== What the exercise asks ==
Write back, word for word, the lines from the one containing "Espejo de pared dorado 80x50 cm ES480438" to the end of the listing below. Include nothing else, and no pictures.

*** Data excerpts ***

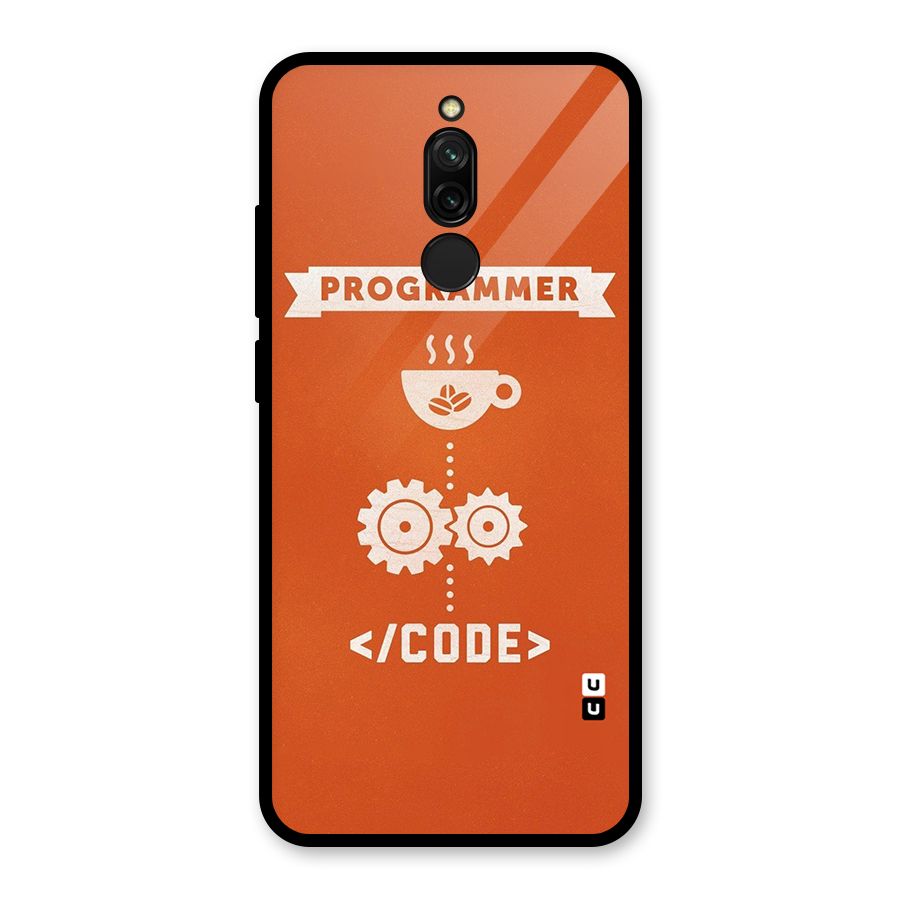 Programmer Coffee Code Glass Back Case for Redmi 8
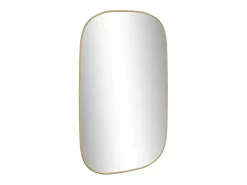 Espejo de pared dorado 80x50 cm ES480438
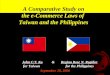 A Comparative Study on  the e-Commerce Laws of  Taiwan and the Philippines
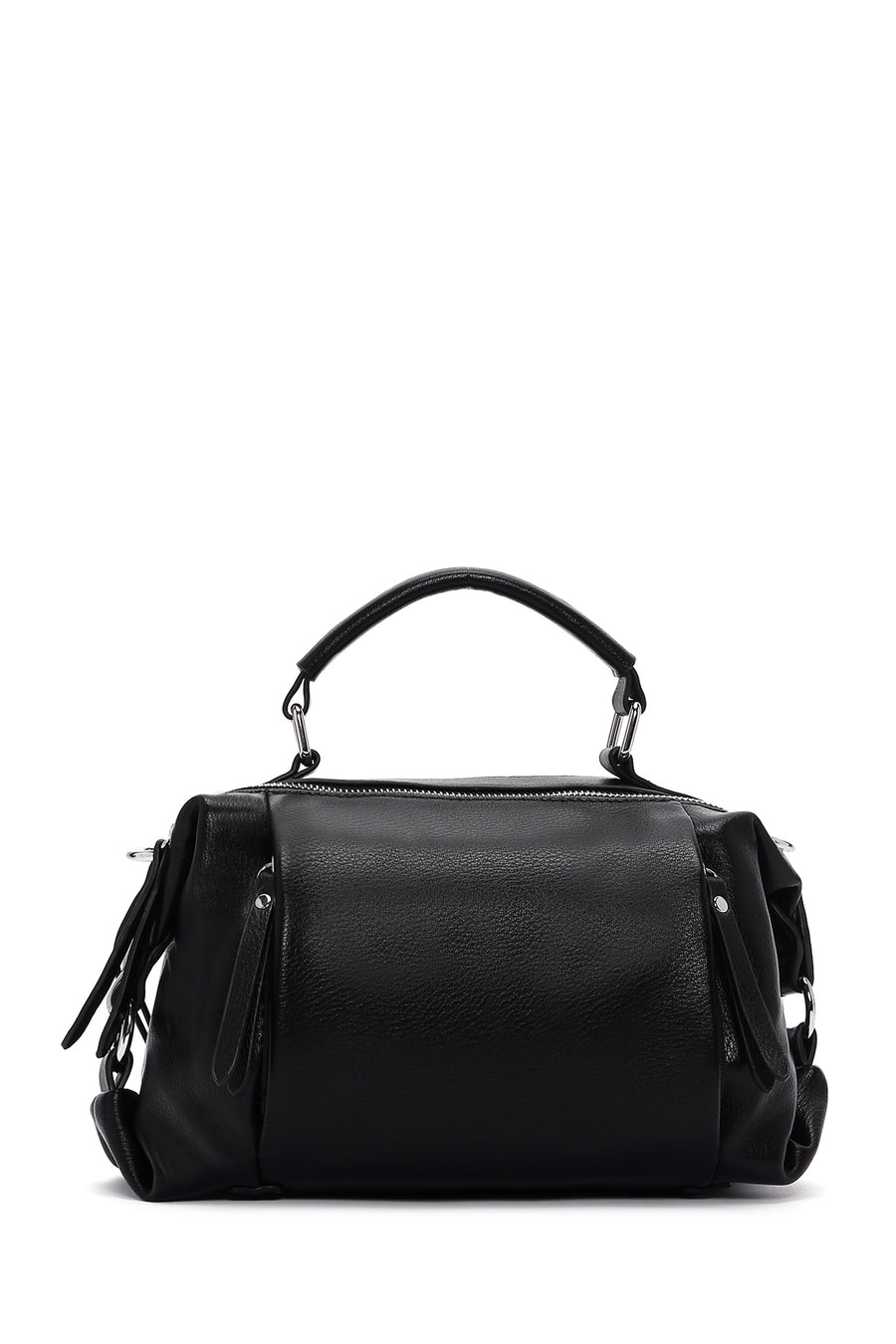Women's Black Long Strap Shoulder Bag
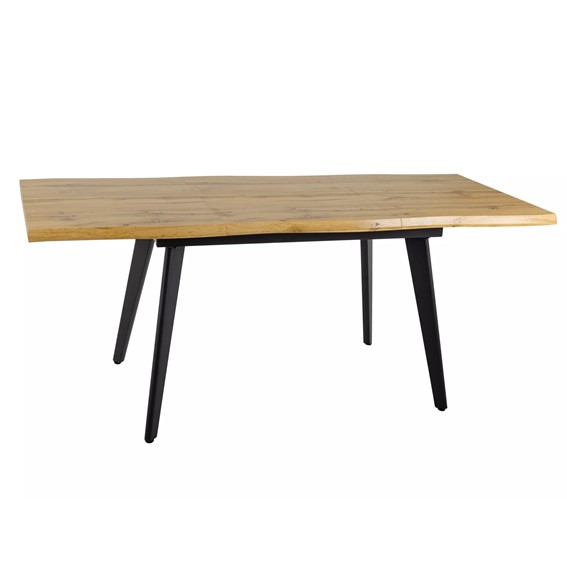 Stół Rozkładany FRESNO (120x180)x80 Dąb Artisan/Czarny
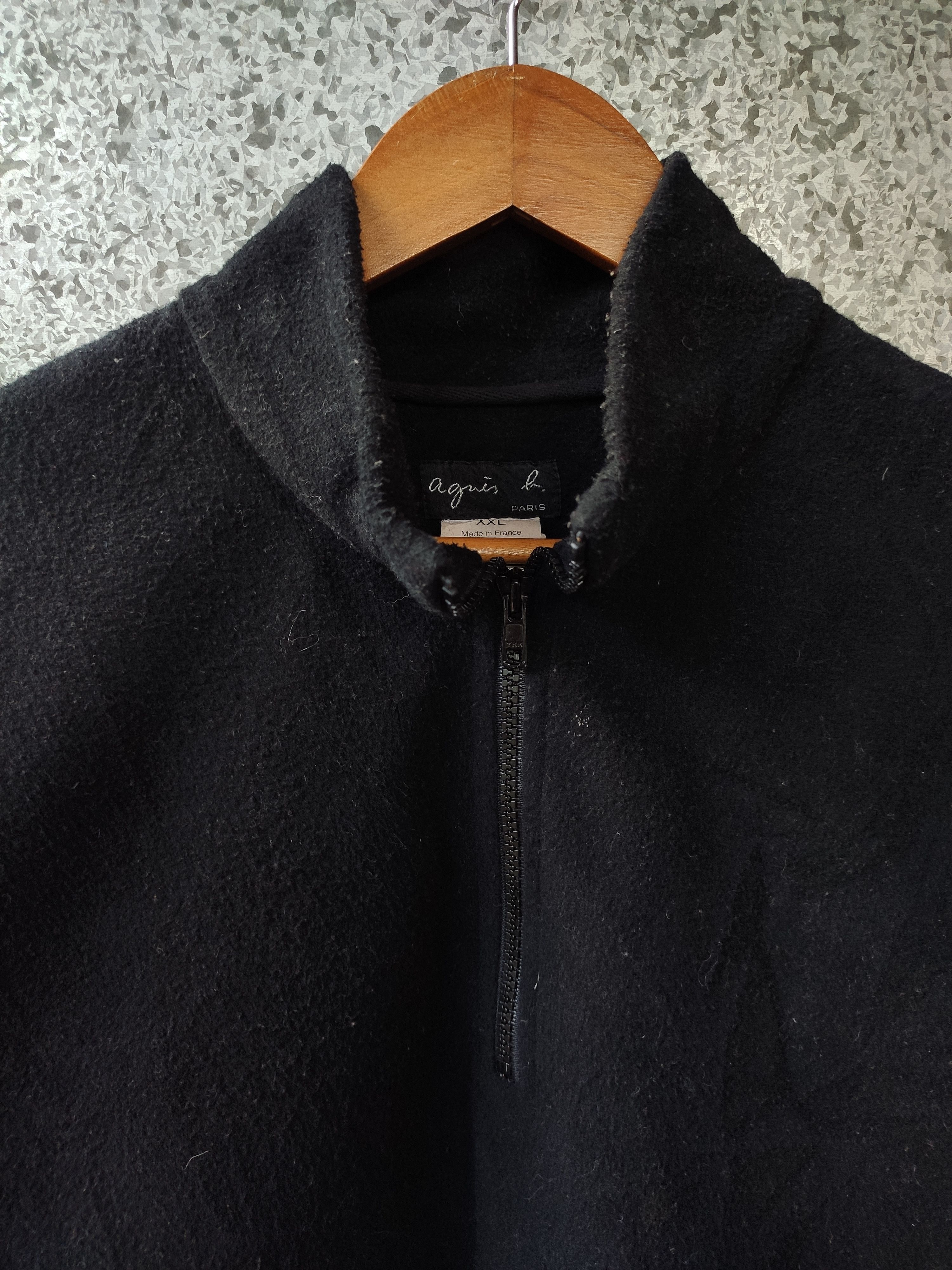 Vintage × agnes b. Vintage Agnes B fleece jacket sweater | Grailed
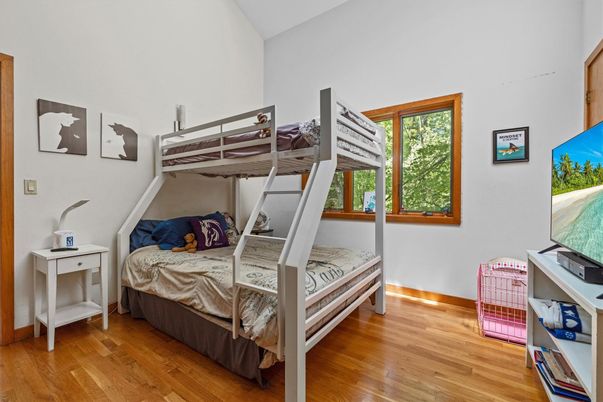 Bedroom, Interior, Wood Texture Flooring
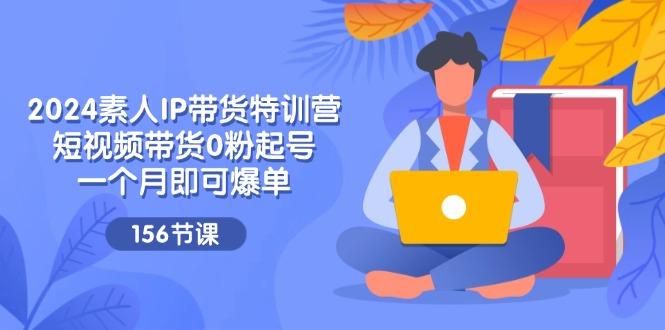 2024素人IP带货特训营，短视频带货0粉起号，一个月即可爆单(156节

*** End of Data excerpts ***

== Solution to this exercise ==
 Espejo de pared dorado 80x50 cm ES480438
 A Comparative Study on  the e-Commerce Laws of  Taiwan and the Philippines
Women's Black Long Strap Shoulder Bag
 Stół Rozkładany FRESNO (120x180)x80 Dąb Artisan/Czarny
 Vintage × agnes b. Vintage Agnes B fleece jacket sweater | Grailed
 Bedroom, Interior, Wood Texture Flooring
 2024素人IP带货特训营，短视频带货0粉起号，一个月即可爆单(156节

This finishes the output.